**RECORDS SHOWN:**
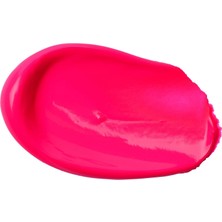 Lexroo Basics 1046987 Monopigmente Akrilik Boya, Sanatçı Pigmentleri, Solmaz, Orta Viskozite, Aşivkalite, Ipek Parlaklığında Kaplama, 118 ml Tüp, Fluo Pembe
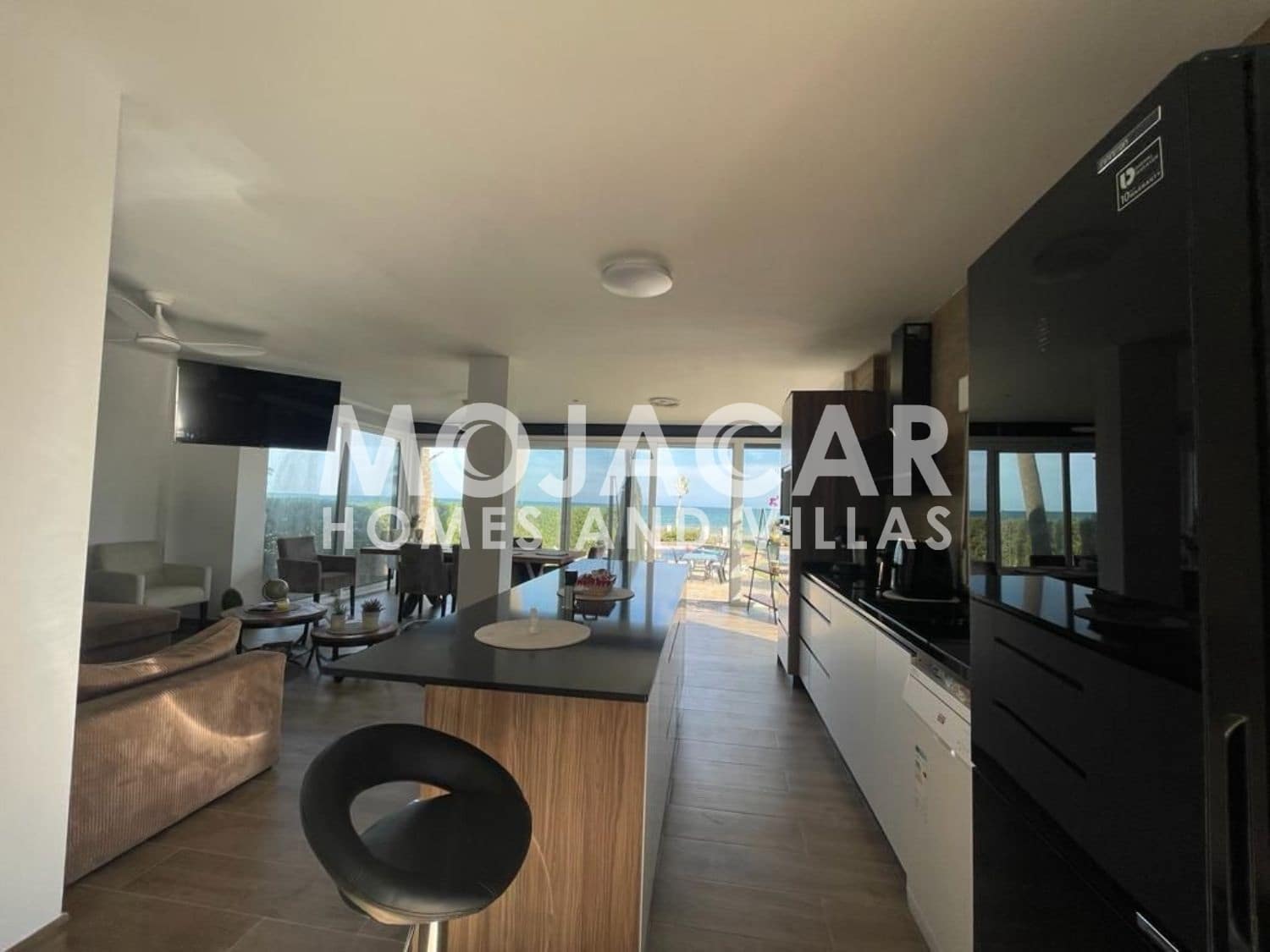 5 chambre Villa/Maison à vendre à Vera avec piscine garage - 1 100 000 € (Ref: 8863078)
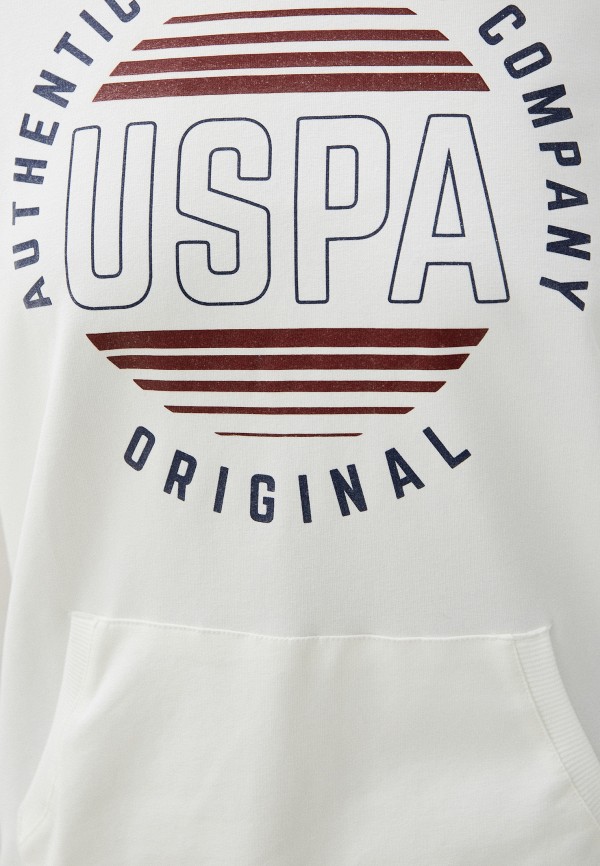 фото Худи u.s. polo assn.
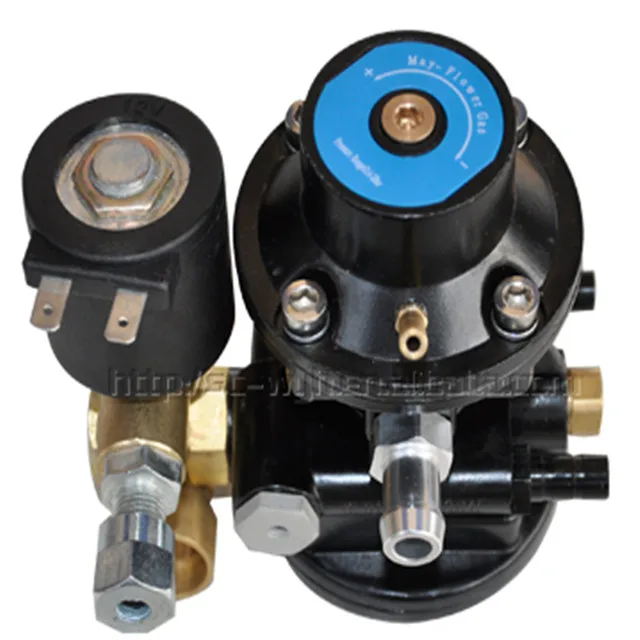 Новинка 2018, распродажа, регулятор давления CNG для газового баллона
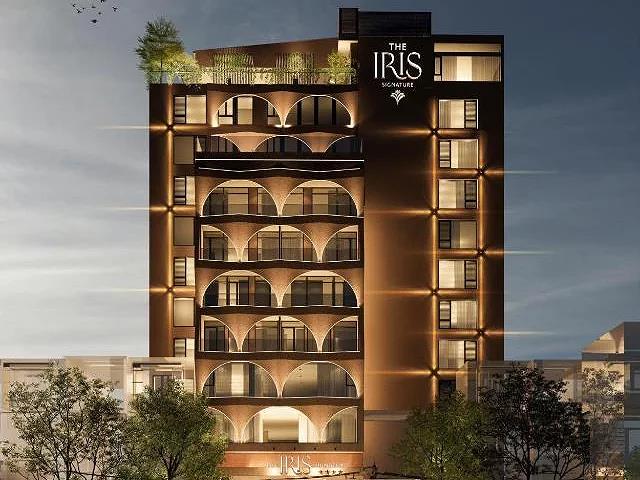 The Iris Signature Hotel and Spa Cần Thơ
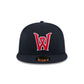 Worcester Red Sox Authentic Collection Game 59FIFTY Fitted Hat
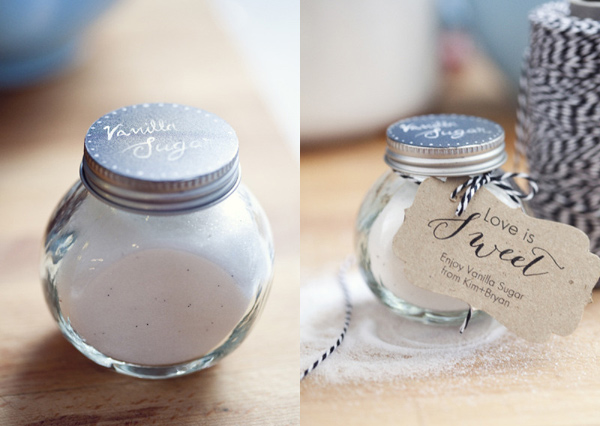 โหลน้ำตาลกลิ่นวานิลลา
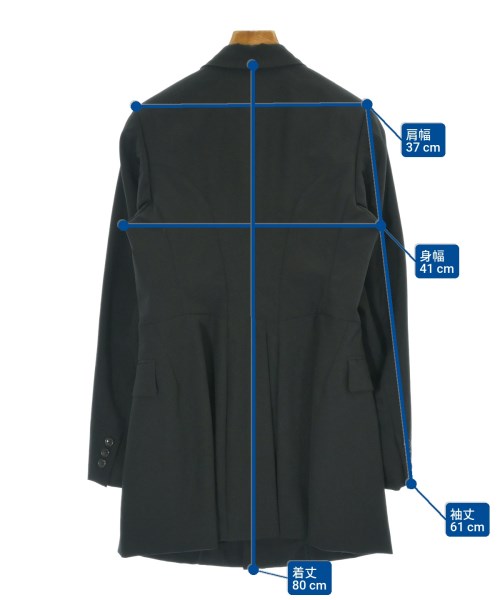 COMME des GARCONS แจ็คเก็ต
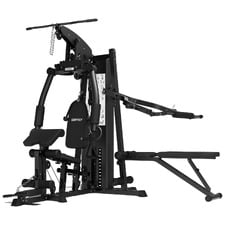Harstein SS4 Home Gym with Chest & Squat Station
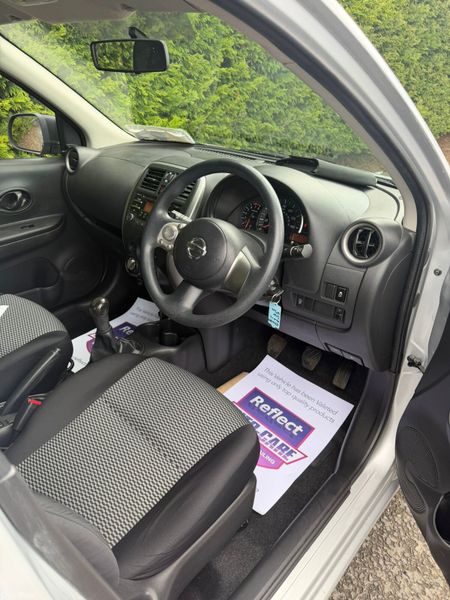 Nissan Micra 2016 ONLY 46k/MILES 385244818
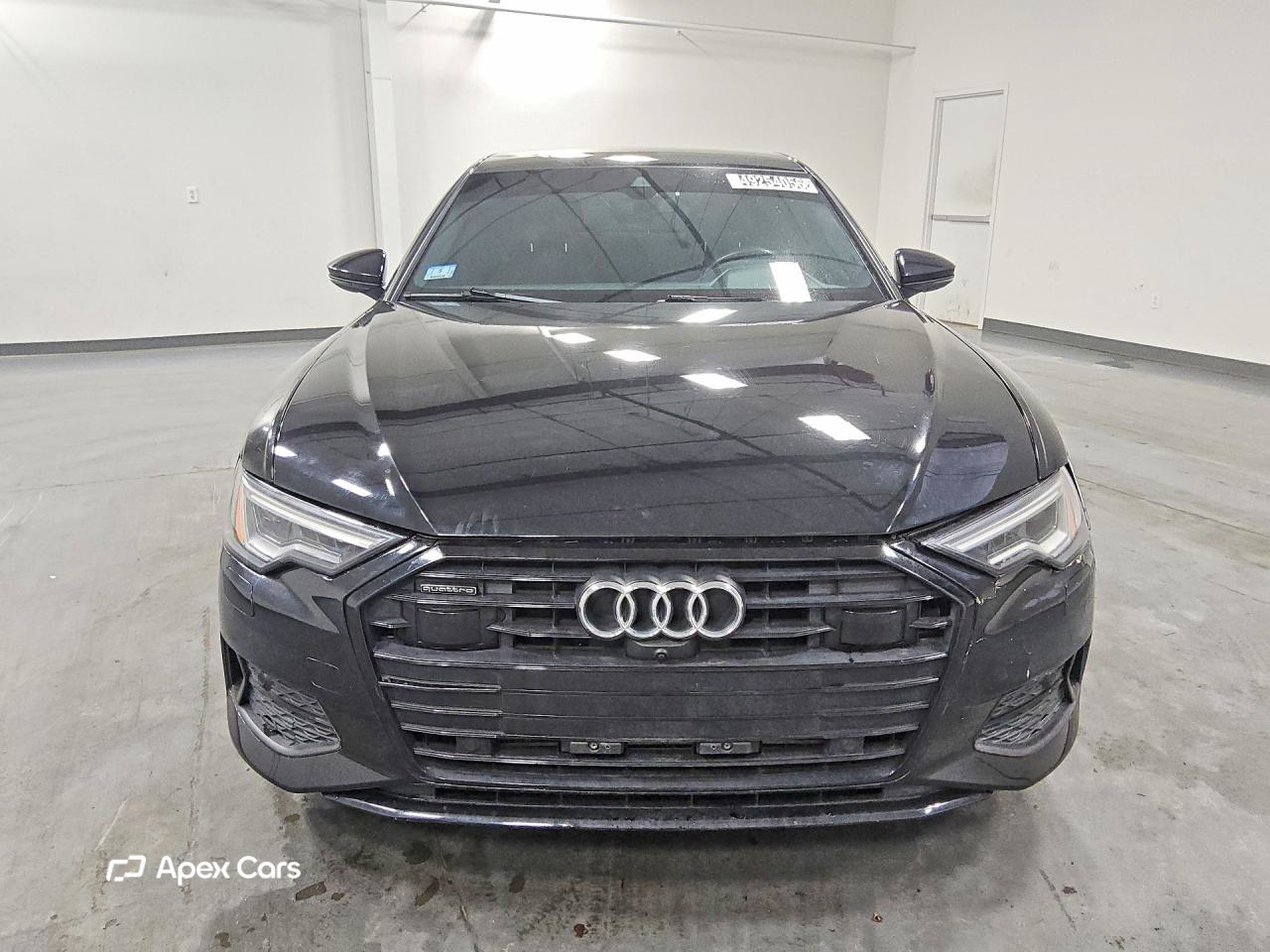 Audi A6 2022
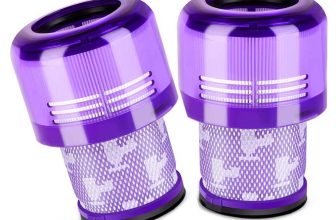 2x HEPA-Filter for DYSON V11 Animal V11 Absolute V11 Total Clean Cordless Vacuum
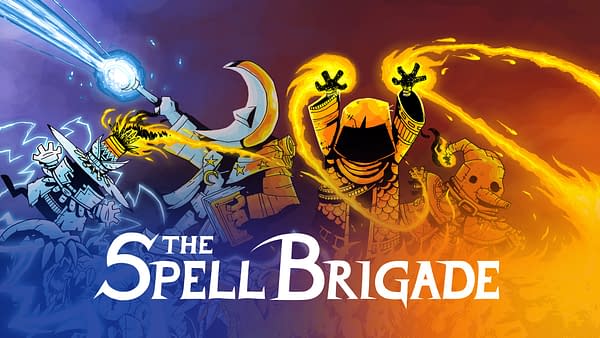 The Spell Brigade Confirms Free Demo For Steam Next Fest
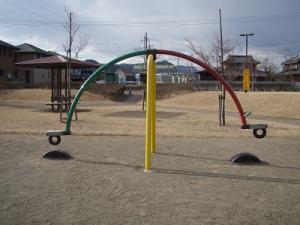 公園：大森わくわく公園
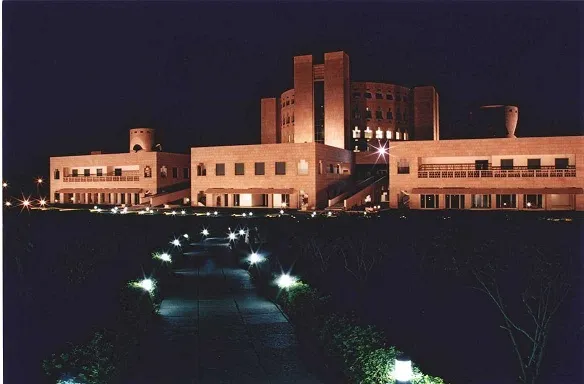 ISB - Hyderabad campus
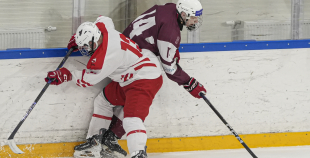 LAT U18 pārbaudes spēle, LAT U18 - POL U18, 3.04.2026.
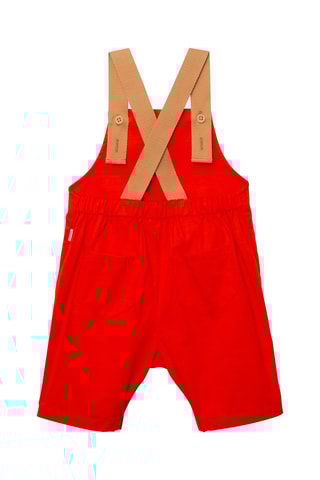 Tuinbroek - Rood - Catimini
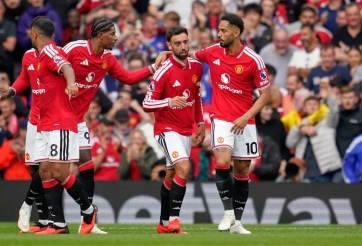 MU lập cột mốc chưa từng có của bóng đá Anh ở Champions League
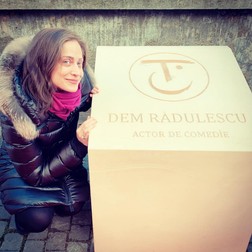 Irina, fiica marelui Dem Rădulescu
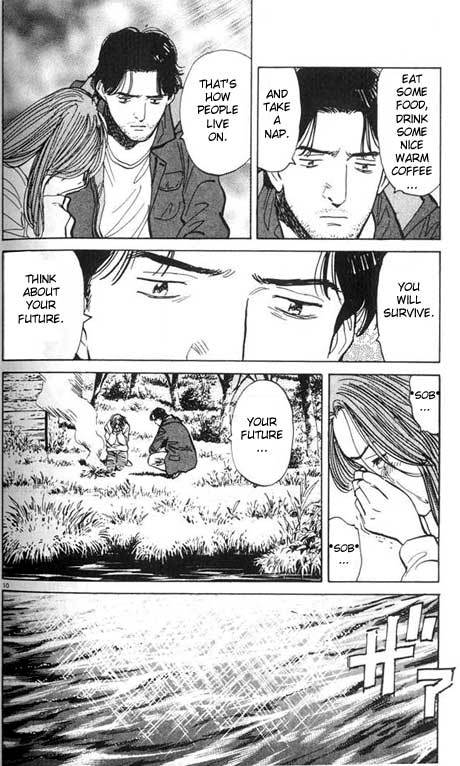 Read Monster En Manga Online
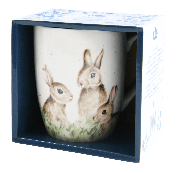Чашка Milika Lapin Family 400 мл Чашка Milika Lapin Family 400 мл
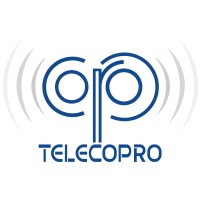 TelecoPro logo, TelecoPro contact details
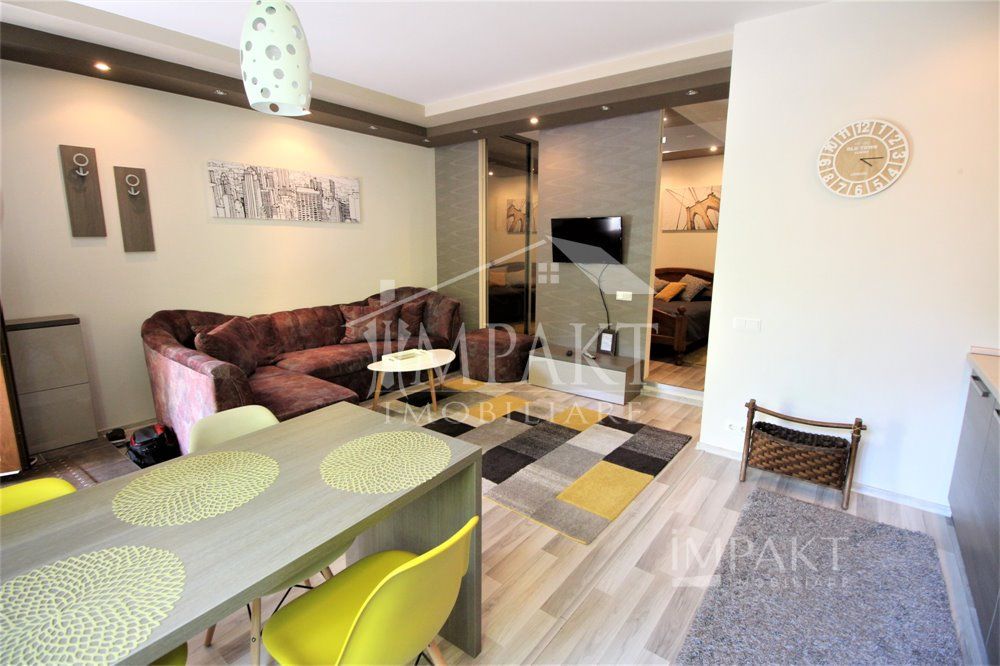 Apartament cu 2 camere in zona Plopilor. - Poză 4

**YOUR GOAL:** Reproduce the records above exactly, but only from the line with "Worcester Red Sox" up to and including the line with "Irina, fiica marelui Dem Rădulescu". Leave the pictures out.

**WRITTEN RESPONSE:**
 Worcester Red Sox Authentic Collection Game 59FIFTY Fitted Hat
 โหลน้ำตาลกลิ่นวานิลลา
 COMME des GARCONS แจ็คเก็ต
Harstein SS4 Home Gym with Chest & Squat Station
 Nissan Micra 2016 ONLY 46k/MILES 385244818
 Audi A6 2022
 2x HEPA-Filter for DYSON V11 Animal V11 Absolute V11 Total Clean Cordless Vacuum
 The Spell Brigade Confirms Free Demo For Steam Next Fest
 公園：大森わくわく公園
 ISB - Hyderabad campus
 LAT U18 pārbaudes spēle, LAT U18 - POL U18, 3.04.2026.
 Tuinbroek - Rood - Catimini
 MU lập cột mốc chưa từng có của bóng đá Anh ở Champions League
 Irina, fiica marelui Dem Rădulescu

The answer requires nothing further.